··· Extracted records
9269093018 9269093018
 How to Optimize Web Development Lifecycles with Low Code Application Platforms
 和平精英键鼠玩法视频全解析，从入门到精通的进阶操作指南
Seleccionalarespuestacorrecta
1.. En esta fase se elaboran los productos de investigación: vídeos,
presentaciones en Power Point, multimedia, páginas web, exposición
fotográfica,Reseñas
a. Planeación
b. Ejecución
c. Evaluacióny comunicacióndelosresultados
······
The problem: Once the line with "1.. En esta" is located in the data above, repeat it and every later line through the end, exactly.

Answer section:
1.. En esta fase se elaboran los productos de investigación: vídeos,
presentaciones en Power Point, multimedia, páginas web, exposición
fotográfica,Reseñas
a. Planeación
b. Ejecución
c. Evaluacióny comunicacióndelosresultados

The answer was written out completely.